But I Was Their Mom First!
Two years ago I was a divorced single mama of two amazing kiddos. I had a pretty good network of family and friends but I was mainly on my own. My kids and I were a team of three.
Then, I met my husband (insert choirs of angels singing because yes, against all my disbelief God did bring a man into our lives that actually did rescue me.). He’s wonderful and everything I always wanted (and quite a few things I didn’t know I wanted) in a spouse. Shh, I’m supposed to be gushy, I’m still a newlywed. 🙂
Our love story isn’t very ‘typical’ though. It went something like this…
Girl gets married, has two children, and is divorced. Single mom and kiddos rebuild their lives. Single mom meets Great Guy. Single Mom and Great Guy decide to be friends because Single Mom and Great Guy don’t really want to date anyone right now. Single Mom and Great Guy have lunch and see movies and talk a lot. Single Mom and Great Guy wonder if they’re actually dating. Single Mom declares her disagreement with recreational dating. Single Mom and Great Guy decide to call their relationship what it is. Single Mom and Great Guy date. Single Mom and Great Guy talk about Great Guy meeting Single Mom’s children … for 3 months. Great Guy meets the kids. Children fall in love with Great Guy because he’s great and plays with them and thinks they’re pretty neat people. Single Mom and Great Guy date. Single Mom and Kids and Great Guy date. … Great Guy pops the question to Single Mom. Great Guy pops the question to Kids. Everyone says yes. Now what?
Insert ‘Apache Attack Helicopter Mom’ panic attack of epic proportions! (Author’s note: this probably doesn’t happen to anyone else. Just me. I’ve been told I can be something of a protective mom at times. *ahem.)

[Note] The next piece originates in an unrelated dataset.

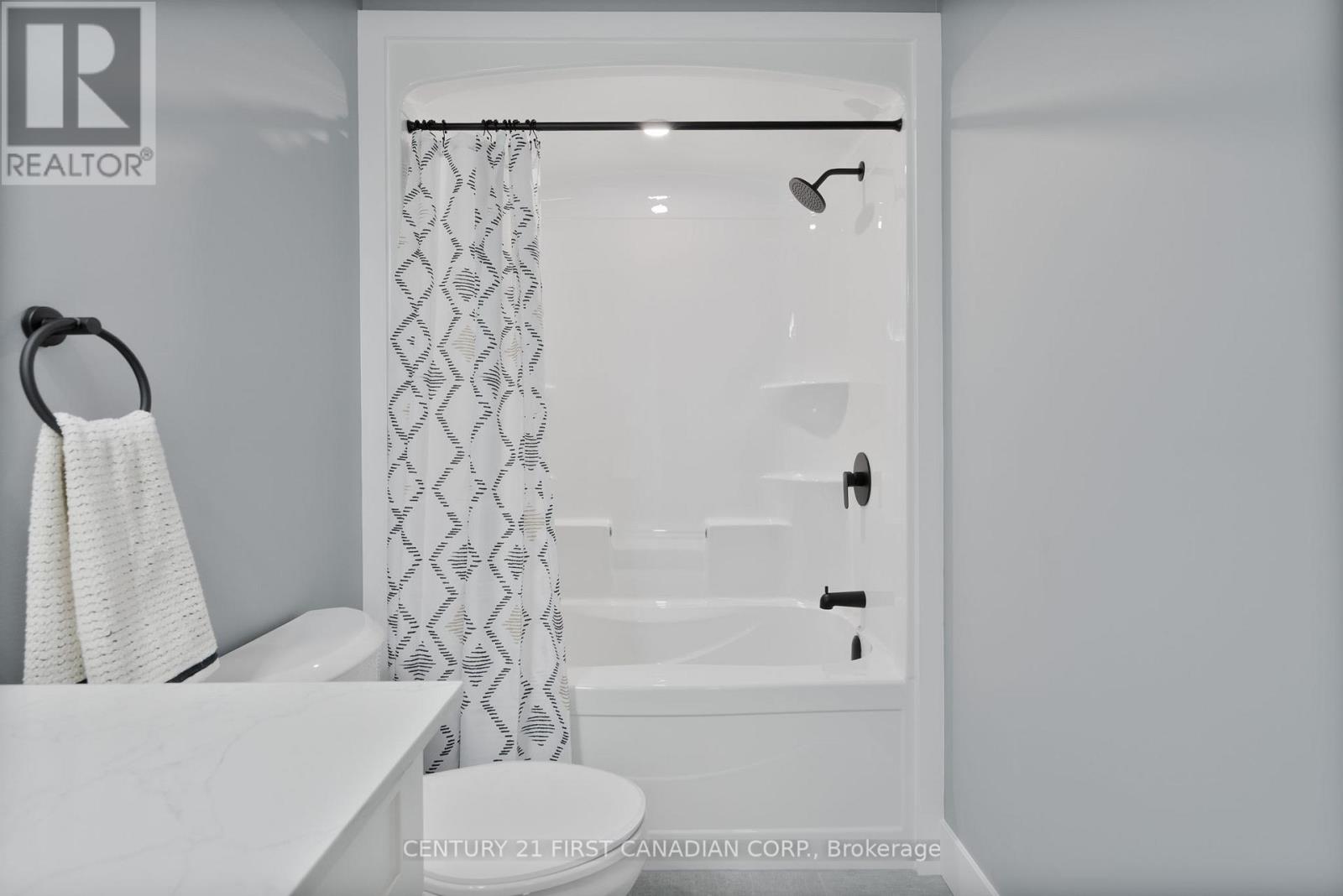 44 Postma Crescent Property Photo 14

Insert premarital counseling, marriage prep classes, and a whole lot of conversation … “What will the children call Great Guy?” is the first of MANY MANY questions.
Single Mom and Great Guy get married … SO Husband + Wife + Kids = Instant Blended Family … Right?
A lot of people think that is the way it should be. A lot of people who remarry have optimistic hopes that is the way it will be. In our case (and a lot of other peoples) even with a lot of discussion and understanding beforehand the “after the wedding” picture doesn’t quite match what they think it will look like.
One of the hardest things for me has been transitioning from putting my children first to putting my husband first. Even now I unconsciously react to my children. I am faster to defend my children and respond to their needs on a subconscious level. I often don’t even realize I’m doing it. I don’t unconsciously react to my husband … yet. Putting my husband ahead of my children is a conscious choice I have to make every day. I’m hoping with time and practice (and more of the amazing grace my husband gives me) it will become second nature someday.
One of the most helpful books we’ve read is The Smart Stepfamily, by Ron Deal. It’s a “must read” if you’re navigating (or considering) the blended family journey.
We’ve decided not to “blend” our family though. We think we’re a little more like a fruit salad. But that’s a post for another day.
I am in the same situation. It happens to me all the time. I need to place my husband in the front seat 🙂
I want to hear more about the fruit salad… I suspect our views and how we’re ‘blending’ our families is similar… 🙂
I do too!
I’ll be posting more about that soon!
So blessed to read this. You tell your story exactly how I would tell mine except I have four amazing world changers in training that know they are Princess to the King of Kings. I am not yet re-married but have been dating Great Guy for two years and we are contemplating marriage. My children know I am dating but know that Great Guy respects my wishes to hold off on them meeting him until we are ready to make the next step of just being engaged.
My fear is I will have a hard time transitioning that placement. Thank you for being real and letting us know these feelings are real and manageable through Christ. Lord Bless you and your ministry
Thank you so much Noemi! We waited until both of us were pretty sure we were on the path to getting married, although it was another 4 months before he proposed. My kiddos were 6 & 4 and we all met for lunch one day at Razoos which has a patio and a playground so it was very low pressure for everyone. (Or at least as low pressure as I could make it.)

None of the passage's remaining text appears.